Advanced Search
Last updated date: Jul 8, 2021 Views: 979 Forks: 0
Assay for Transposase Accessible Chromatin using sequencing (ATAC-seq) analysis is used to investigate open chromatin landscapes in various cell types and disease states. In combination with Chromatin ImmunoPrecipitation sequencing (ChIP-seq), one can further investigate the chromatin landscape and define active or repressed gene enhancers and promoters. ChIP-seq is also used to define transcription factor binding patterns throughout the genome. In this study, we have used macrophages from genetically distinct mouse strains to study the effects of genetic variants on transcription factor binding and enhancer activity. In this protocol, we describe how to analyze ATAC-seq and ChIP-seq from samples of various mouse genomes.
All the sequencing data generated from this study (Hoeksema et al., 2021) and used for the analysis described below is publicly available in the GEO database: GSE159630. These data can be visualized through the UCSC browser under session: https://genome.ucsc.edu/s/zeyang/IL4_mm10_strains.

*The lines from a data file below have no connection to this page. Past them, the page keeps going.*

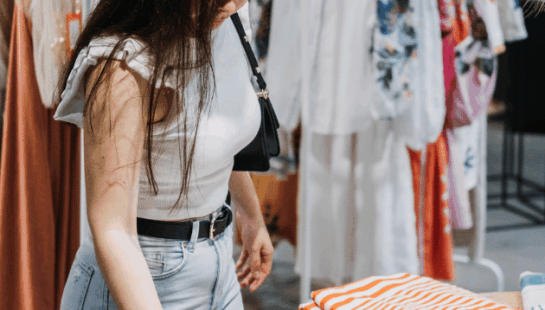 Woman in a shopping centre looking down at a table of folded clothes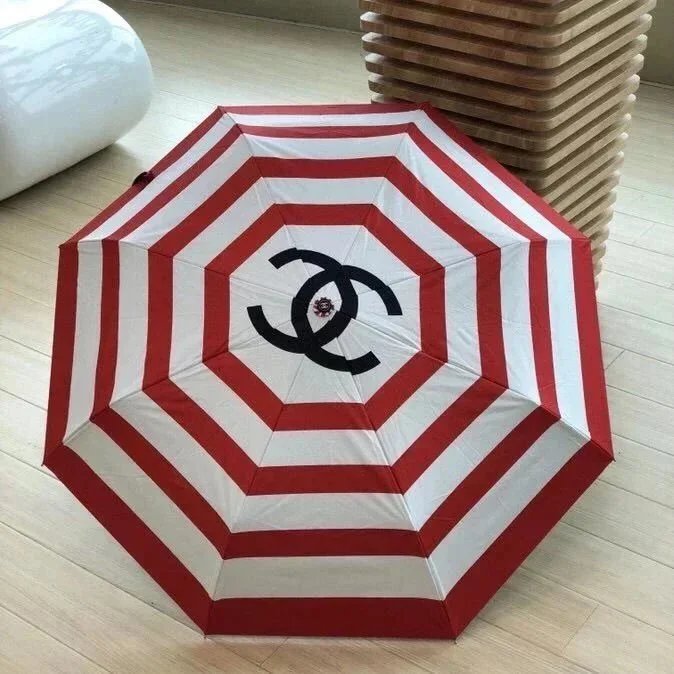 Chanel Red and White Striped Beach Umbrella with Logo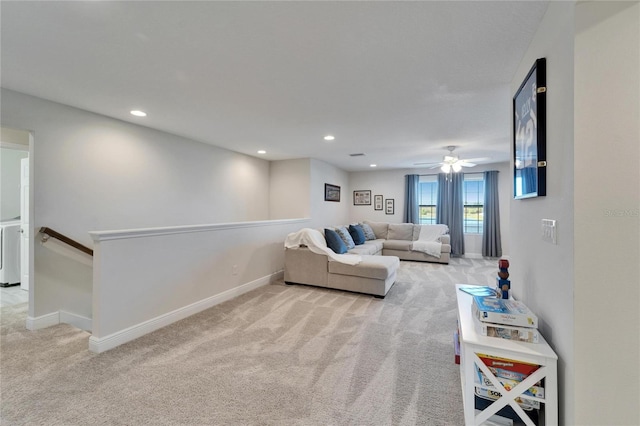 living area with recessed lighting, light colored carpet, and baseboards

Custom genomes were generated for BALB/cJ, NOD/ShiLtJ, PWK/PhJ, and SPRET/EiJ mice from the C57BL/6J or mm10 genome as before (Link et al., 2018a) using MMARGE (Link et al., 2018b) and the VCF files from the Mouse Genomes Project (Keane et al., 2011). Specific instructions can be found in MMARGE documentation (https://github.com/vlink/marge/blob/master/MMARGE_documentation.pdf) Chapter 8 Getting started with data processing.
1. Mapping data. ATAC-seq and ChIP-seq data were mapped to the genome of corresponding mouse strain using bowtie2 with default parameters (Langmead and Salzberg, 2012).
bowtie2 [fastq file] -p 8 -x [mouse strain genome bowtie index prefix] > [pre-shifting sam file] 2> [log file]
2. Shifting to the mm10 genome. The mapped data was then shifted to the mm10 genome using the MMARGE ‘shift’ function (Link et al., 2018b) for downstream comparative analyses across different mouse strains.
MMARGE.pl shift -sam -dir . -files [pre-shifting sam file] -data_dir [directory storing mouse strain genomes] -ind [mouse strain genome name]
3. Creating HOMER tag directory. A HOMER tag directory was created from each shifted SAM file as the prerequisite for using HOMER (Heinz et al., 2010) for downstream analysis.
makeTagDirectory [tag directory name] -genome mm10 -checkGC [post-shifting sam file]
We called peaks for ATAC-seq data and transcription factor ChIP-seq data to identify open chromatin regions and transcription factor binding sites, respectively.
1. Calling unfiltered peaks with HOMER. Based on the HOMER tag directories created from mapped sequencing data, we first used HOMER to call unfiltered 200-bp peaks based on each replicate:
findPeaks [tag directory] -style factor -L 0 -C 0 -fdr 0.9 -o [unfiltered peak file name] -i [tag directory of input sample] -size 200
Input tag directory -i can be ignored when dealing with ATAC-seq data.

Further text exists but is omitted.